When 1980s TV star Mr. T revealed his love of curling on Twitter this week and told his followers, "It's not as easy as it looks," he likely didn't know how right he was. Because as it turns out, the physics of how curling works has still not been settled — although a pair of Canadian scientists believe they may finally have an answer.
The paper, titled, "First principles pivot-slide model of the motion of a curling rock," proposes an algebraic formula to explain the relationship between the curling rock and the pebbled ice on which it is thrown to explain how it curls down the ice.
"It's magnificent to have an equation like this, it's unbelievable," one of the paper's authors, University of Northern British Columbia physicist Mark Shegelski told CBC Daybreak North host Carolina de Ryk.
He said he's been curious about the science of curling ever since he started playing the game as a student in the 1980s.
"The things that the curling rocks were doing, for my physics mind, were extremely interesting," he said.
He was particularly interested in "curl distance" — the sideways motion the rock travels while moving down the ice. He noticed the amount of spin on the rock didn't seem to have any effect on that distance.
"It doesn't matter how many times the rock rotates. Twice, two full turns or 10 full turns, the [curl] distance it travels is pretty much the same. And when you think about that, it's astonishing... it doesn't make sense."
Unable to find any other curlers who were as interested in the subject as he was, Shegelski kept the question in the back of his mind for years, working on various models with other scientists.
His latest breakthrough, published in the journal Cold Regions Science and Technology this month, is the result of a collaboration with Edward Lozowski, professor emeritus with the faculty of science at the University of Alberta.
For his part, Lozowski said the formula took "hundreds of pages of equations" and years of work to solve what he thought would be a relatively simple equation.
In the past, scientists who looked at the sport simply assumed the "curl" of a curling rock was affected by friction with the ice.

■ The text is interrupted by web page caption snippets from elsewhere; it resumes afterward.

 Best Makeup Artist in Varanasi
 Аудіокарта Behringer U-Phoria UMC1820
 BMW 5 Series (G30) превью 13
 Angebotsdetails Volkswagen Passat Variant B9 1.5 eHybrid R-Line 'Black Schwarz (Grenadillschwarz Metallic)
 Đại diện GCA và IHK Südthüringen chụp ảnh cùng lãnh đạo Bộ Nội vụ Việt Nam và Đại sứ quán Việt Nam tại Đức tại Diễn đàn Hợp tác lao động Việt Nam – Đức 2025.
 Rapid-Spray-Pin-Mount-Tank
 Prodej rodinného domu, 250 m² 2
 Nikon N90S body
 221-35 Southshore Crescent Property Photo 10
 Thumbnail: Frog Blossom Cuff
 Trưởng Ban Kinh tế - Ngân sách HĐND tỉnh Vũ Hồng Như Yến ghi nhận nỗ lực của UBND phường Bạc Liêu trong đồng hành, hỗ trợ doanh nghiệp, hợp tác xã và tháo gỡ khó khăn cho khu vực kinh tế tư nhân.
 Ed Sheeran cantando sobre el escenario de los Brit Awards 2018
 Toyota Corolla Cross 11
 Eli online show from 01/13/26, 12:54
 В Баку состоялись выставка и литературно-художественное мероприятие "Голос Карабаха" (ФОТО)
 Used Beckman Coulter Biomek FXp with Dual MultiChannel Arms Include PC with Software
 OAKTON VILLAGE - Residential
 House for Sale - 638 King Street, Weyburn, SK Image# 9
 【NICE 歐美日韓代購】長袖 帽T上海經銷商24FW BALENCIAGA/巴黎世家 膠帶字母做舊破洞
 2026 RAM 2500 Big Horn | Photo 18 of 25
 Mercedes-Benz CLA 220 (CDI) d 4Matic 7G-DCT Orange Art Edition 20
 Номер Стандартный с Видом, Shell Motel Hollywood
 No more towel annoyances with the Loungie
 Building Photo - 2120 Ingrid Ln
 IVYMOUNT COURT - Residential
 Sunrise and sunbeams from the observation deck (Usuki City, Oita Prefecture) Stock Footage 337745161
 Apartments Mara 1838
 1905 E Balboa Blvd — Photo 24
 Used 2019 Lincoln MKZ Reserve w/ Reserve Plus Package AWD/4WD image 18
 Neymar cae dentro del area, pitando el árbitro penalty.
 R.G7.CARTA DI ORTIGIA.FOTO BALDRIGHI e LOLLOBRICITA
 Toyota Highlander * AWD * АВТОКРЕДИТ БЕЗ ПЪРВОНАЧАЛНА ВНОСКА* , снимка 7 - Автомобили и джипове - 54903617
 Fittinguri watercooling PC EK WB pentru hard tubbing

But, he said, it seems as if the textured bottom of the rock, known as the running band, actually binds to each pebble of ice, then pulls it to the breaking point. The rock then lurches ahead, and curls.
Shegelski described it as a series of slides and pivots spread out over the duration of the rock's journey down the ice.
Lozowski said he's not sure that understanding the science of the game will give Olympic-calibre competitors any future advantages, but Shegelski believes it could change the sport for recreational curlers.
He's patented a design for a curling rock with a larger running band diameter that should allow newcomers to have more curl in their game, emulating the experience of top-level players.
Though he has no plans to actually construct the rocks, with Mr. T's hashtag #curlingiscoolfool taking off, the demand may soon be there.